The main database needs to be share to optaplanner because is going to edit directly to database, for example
“I need the best employee to do this work”
So optaplanner will find the best employee for that and assign to that work, to do that optaplanner needs to read employees table and writes on work table
Does it actually need 1.2GB of memory? Can you optimize it so that it doesn’t require as much?
1.2GB seems horribly excessive, even for a Java app.
Well, I could set some limits to optimize this initials test records, also I found this note in optaplanner examples:
@charath @Crowdbotics_Dan @dmitrii.k It seems that @amador.jesus is not having any luck reducing the memory quota. For what we are reading on OptaPlanner documentation the only thing that can be done is to make sure that memory is only used when process is running.
Likewise, it seems that Lambda is not suitable, as the maximum execution time is 15 mins and OptaPlanner can run in the background for up to several minutes. Depending on the number of constraints and size of the data set.
Can you assess?
Linear optimization tools are compute-intensive.
As I mentioned last time, I discourage the use of this tool; it’s overkill for small datasets. Since you indicated it’s a hard customer requirement, please get sign-off from the customer on the extra dyno cost of $250+/mo.
Thanks @anand. I will take that into consideration if we don’t have any good answer from OptaPlanner community. We might have a possibility of having enough with these 15 mins limit that Lambda has. @dmitrii.k proposed GCP Cloud Run also. Is there any impediment on using that?
I see that GCP also has the same limit: 15 mins. So the best way to go would be to use Lambda for the MVP so we can track the performance as we add more and more constraints iteratively. If at some point the processing time gets closer to the limit the client will have to sign-off a new dyno.
This really isn’t my call. My personal opinion is that you’ll be better off either not using the library or getting the client to sign off on the hosting costs.
@anand @charath @dmitrii.k @Crowdbotics_Dan We got the approval from client to get an extra dyno. It’s worth to mention that OptaPlanner, under our current infrastructure on DockerCompose shared with the main Django app has a significantly slow performance. Will the performance improve after having a new dyno used only for OptaPlanner?
Another question. Client tends to prefer an upgrade (+$299) to a multi-app plan vs adding a new dyno (+$250) due to the number of perks she would get. Could we list or refer to the main differences? The key here is performance as OptaPlanner is a huge memory and CPU consumer.
Just a follow up here, as the client is awaiting a response. Thanks in advance
The performance should definitely improve, because you’re now running it on a significantly underpowered dyno.

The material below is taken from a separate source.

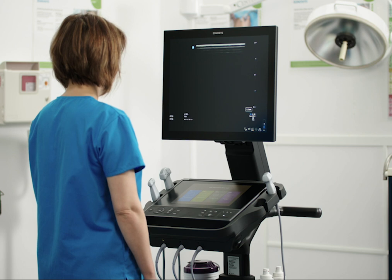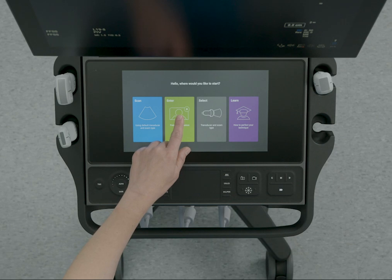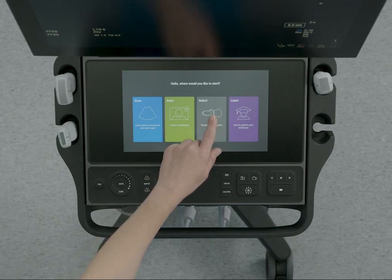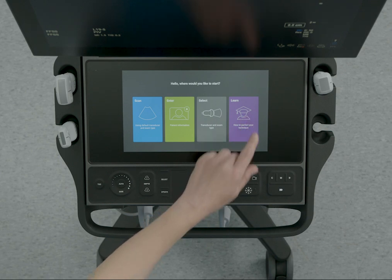There are several available modules to accommodate your workflow. You can start scanning, directly enter patient information, begin with an exam type, or if you want to learn a procedure, access ScanAlong Educational Tutorials.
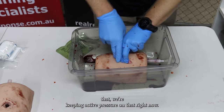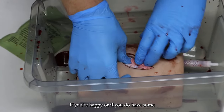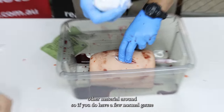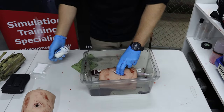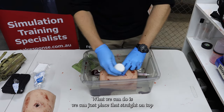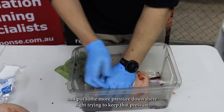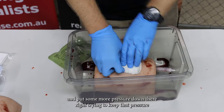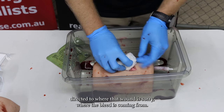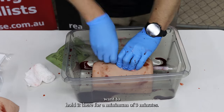Once you've done that, we're keeping active pressure on there. Now if you do have some other material around — a normal gauze — just open it up. You don't need to take the bandage out. We can just place that straight on top and put some more pressure down there, trying to keep that pressure directed to where that bleed is coming from. We want to hold it there for a minimum of three minutes.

It’s worth mentioning that Heroku doesn’t run docker-compose (nor swarm), it’s running off
heroku.yml and currently doesn’t support any of the docker networking features. Adding another dyno will therefore require a different way of communicating - not a RESTful API.
And apologize for insisting, but I would need to provide some comparison info on the 2 available option:
I don’t know if a multi-app upgrade will allow you to have a $250 dyno, @anand is the best person to answer that.
But if you want to use a RESTful API for communication, multi-app pretty much the only way.
@anand looking forward to having that comparison insight.
@dmitrii.k We have an alternative to RESTful API, using command line that can be used on the new dyno. However, we have a few tech doubts regarding both solutions: multi-app or new dyno:
1- OptaPlanner needs to connect with Django DB. How the communication between both apps can be done in both solutions (multi-app or new dyno)? Are both solutions involving to have separate servers?
2- In terms of security, what are the policies suggested on each case?
Fine with us to upgrade plan to $299 and add the super-dyno on that.
@jorge.m, a dyno is a separate server, which means command-line communication will not be possible. Different dynos under the same app can communicate only through database and messaging. Dynos under different apps can communicate using RESTful API on top of that. Command-line API is available only if you’re invoking the process from a web process running on the same dyno.
MongoDB isn’t free on Heroku anymore. The only remaining provider is ObjectRocket, and their cheapest package is $95 a month. Alternatively you can sign up for cloud.mongodb.com, but it’ll most likely be paid also. Both solutions mean you’ll have separate servers.
For the RESTful API you should use SSL and secure tokens for authentication. Alternatively you can use a messaging service, e.g. RabbitMQ.
You can run the java scripts on the same server with your web app, but then you’ll need to upgrade that dyno.